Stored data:
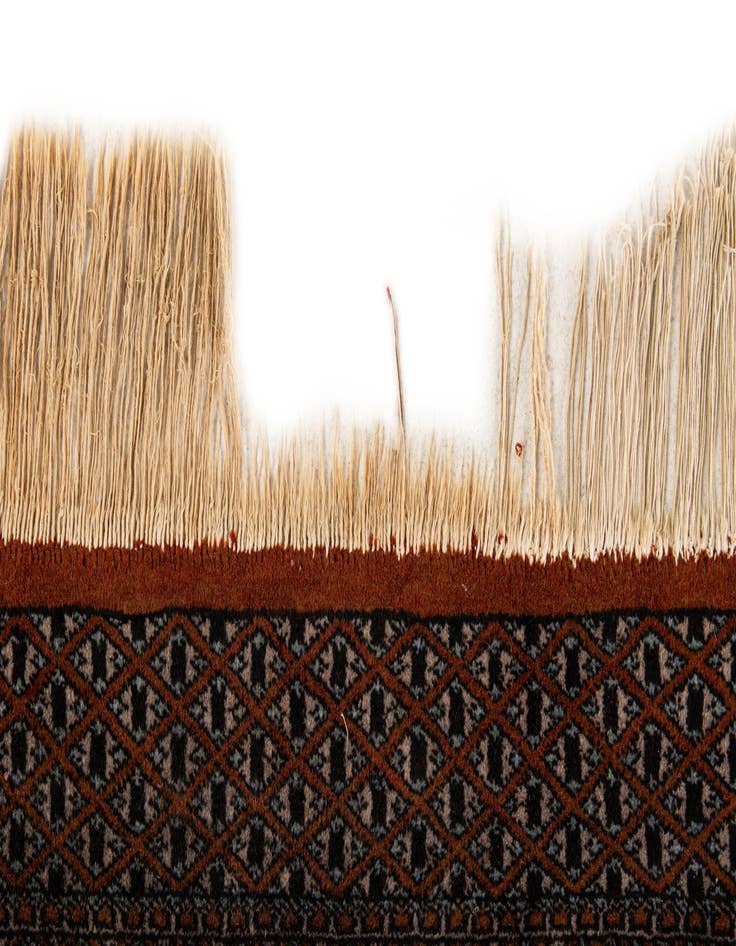 Detail image of 3' 9 x 5' 11  Hand Knotted Bokhara Oriental Wool Rug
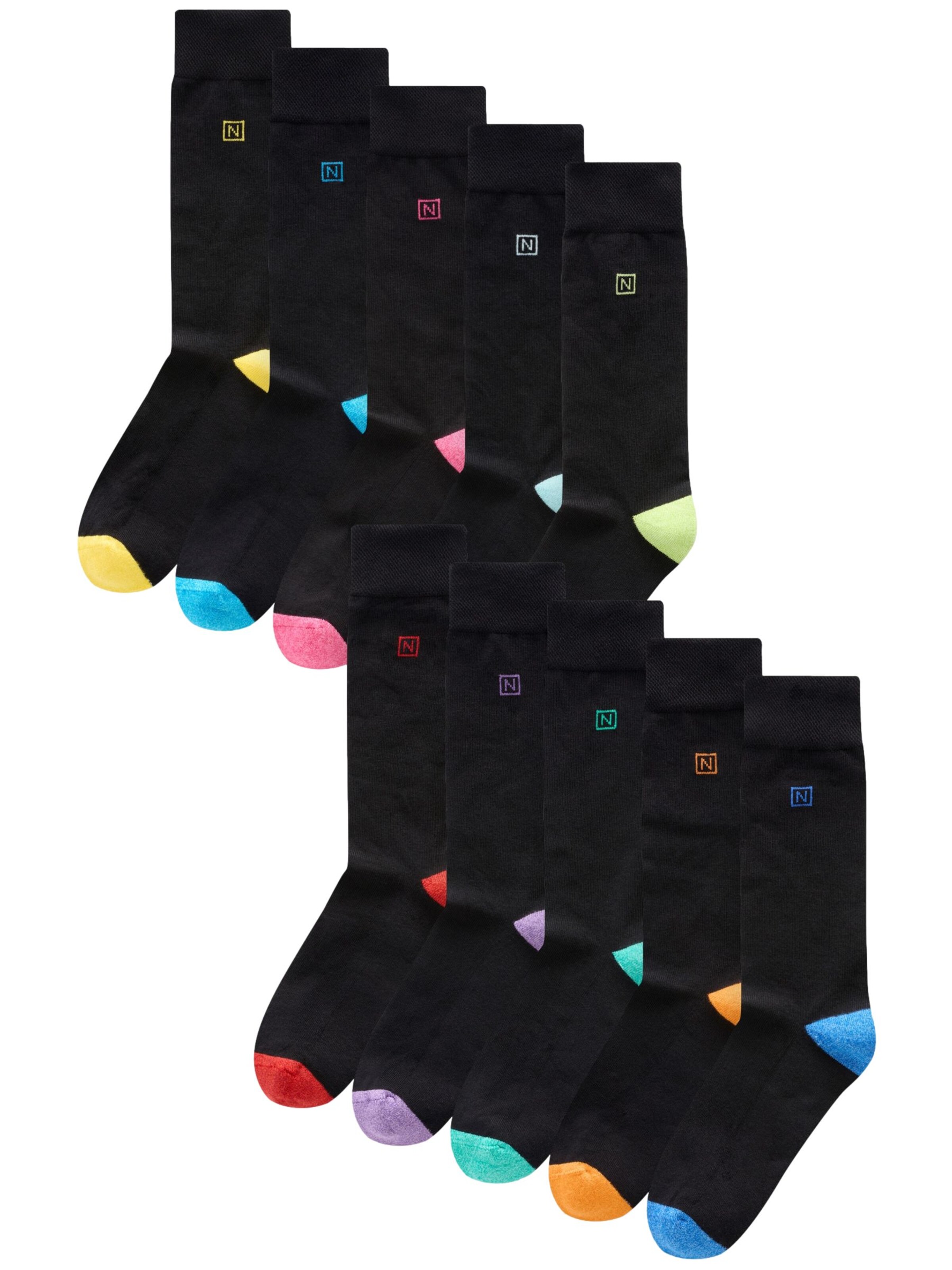 Next Zokni - fekete: elől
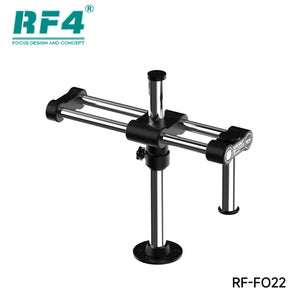 RF4 RF-FO22 360° Rotation Adjustable Universal Double Arm Microscope Accessories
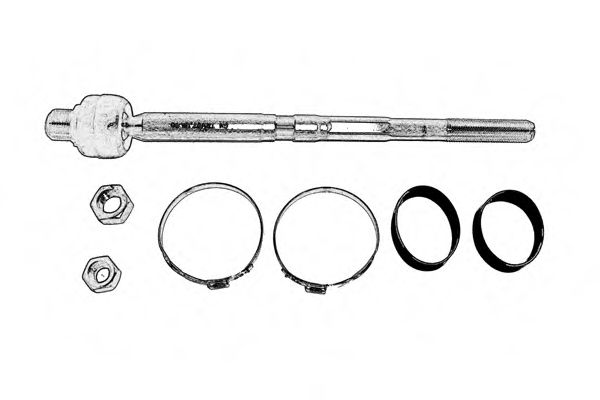Ремкомплект, рулевой механизм OCAP 0602138-K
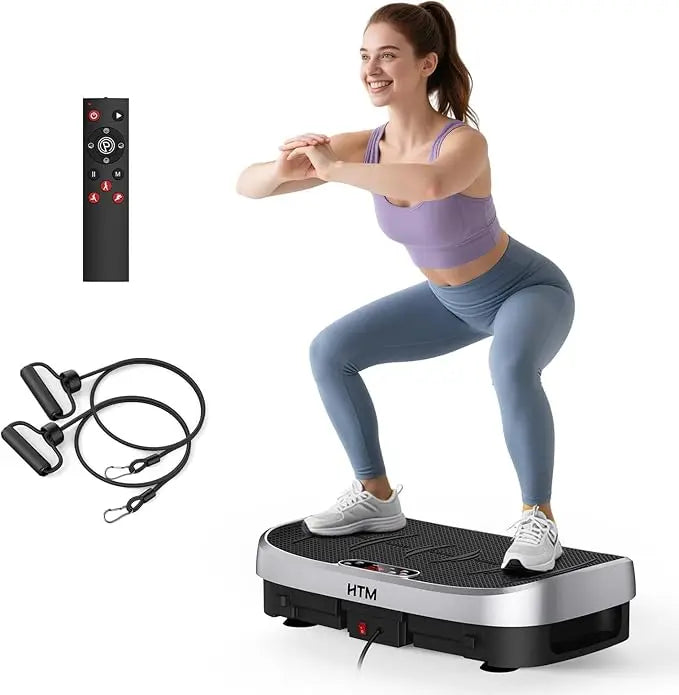 HTM Vibration Plate For Whole Body Exercise Bluetooth Remote Control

EXERCISE PROMPT: Write every line of the data out again exactly, leaving out all images.

EXERCISE SOLUTION:
 Detail image of 3' 9 x 5' 11  Hand Knotted Bokhara Oriental Wool Rug
 Next Zokni - fekete: elől
 RF4 RF-FO22 360° Rotation Adjustable Universal Double Arm Microscope Accessories
Ремкомплект, рулевой механизм OCAP 0602138-K
 HTM Vibration Plate For Whole Body Exercise Bluetooth Remote Control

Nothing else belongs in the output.